Week after week, correspondence in the local press shows huge opposition to applications and public meetings are filled to overflowing with residents opposed to the desecration of their piece of the countryside.

Nimbyism perhaps, but if you don't look after your backyard who else is going to?

They should be abandoned

The dream of windpower has attracted those who think that the problems of climate change can be solved by a quick fix. But it is a discredited technology which generates large sums of money for developers and is destroying the look of the countryside.

It should be abandoned and our land rescued from the salesmen who are trawling the countryside with false promises of combating climate change.
Posted by: rodney smith, Dorset on 1:32pm Fri 7 Dec 07
Country Guardian believes that the development of commercial wind power that has taken place with government support since 1990 is misguided, ineffective and neither environmentally nor socially benign.

We accept that wind energy has a role and that the countryside has always changed and will always change but we argue that the environmental and social cost of the development of commercial wind energy is quite out of proportion to any benefit in the form of reduced emissions. The industrialisation of our least developed landscapes, irreversible ecological damage, loss of amenity and the social division of communities is too high a price for an insignificant and unreliable contribution to our energy supply and a small and uncertain saving of pollution.

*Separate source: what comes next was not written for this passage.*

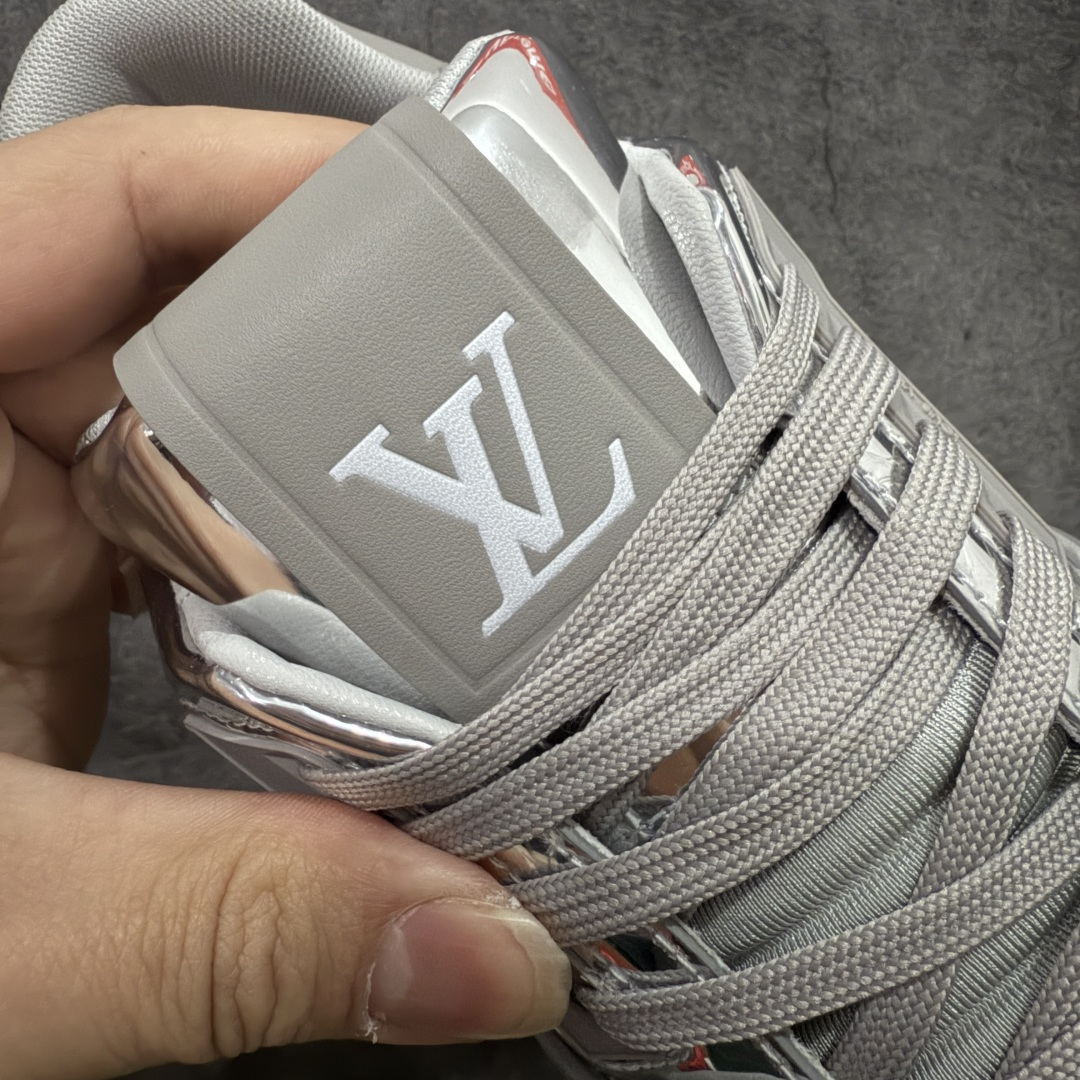 图片[6]-【YS纯原】顶级莞产 LOUIS VUITTON 路易威登 LV Trainer 牛皮革 金属色 ✦ 原楦原纸版开模，鞋型立体饱满 ✦ 零毛边、零溢胶、零线头瑕疵 ✦ 细节与原版一致 区分市面通货 ✦ 多层叠片＋电脑针车，针距密度一致 ✦ Monogram浮雕＋3D高频压纹 ✦ 多密度发泡中底：支撑回弹媲美专柜 ✦ 原装橡胶大底：含胶量高、纹路深、双拼接零偏差 ✦ ZP级原装包装：专柜款鞋盒＋防尘袋＋说明书 尺码：39-45-选品中心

Wind power can be a very useful method of generation for households, farms, estates and small communities sited away from the grid. Turbines may be acceptable where they are not in conflict with the scale and character of the local environment but they must not blight the lives of those living nearby with noise and flicker or endanger residents or visitors either on foot or horse; they must not create economic disadvantage through reduced property values or damage the tourist industry or the local economy; and they must not divide communities.

The Countryside Act of 1968 states:


In the exercise of their functions relating to land under any enactment every minister, government department and public body shall have regard to the desirability of conserving the natural beauty and amenity of the countryside.


While government and local policy is supportive of renewable energy this act imposes a statutory duty to ensure that there is no undue adverse impact on the countryside.

Country Guardian argues that it is perfectly possible to reconcile a sustainable approach to energy generation and consumption while conserving our wilderness and the rural landscape in general - indeed that it is the right of the people of Britain to enjoy both clean and safe energy generation and an un-degraded countryside.



A. The Case For Wind "Farms" Examined

No-one claims that wind turbines produce electricity more cheaply or more efficiently than conventional power stations. Being unpredictable and uncontrollable the wind is a difficult energy source to work with. Merchant ships are not powered by sail; airlines do not use hot air balloons.

Those who advocate wind "farms" base their arguments on three propositions:

1) that they produce energy without the problems associated with nuclear power - risk of accident, problems of waste storage;

2) that they do not deplete fossil fuels, which are finite;

3) that they produce energy without harmful emissions - C02, SO2 and Nitrogen Oxides, gases associated with global warming and acid rain.


For these arguments to be valid it is clear that wind "farms", if developed in sufficient numbers, must significantly reduce emissions, must close a nuclear power station or must measurably slow the depletion of other fuels which will soon be exhausted.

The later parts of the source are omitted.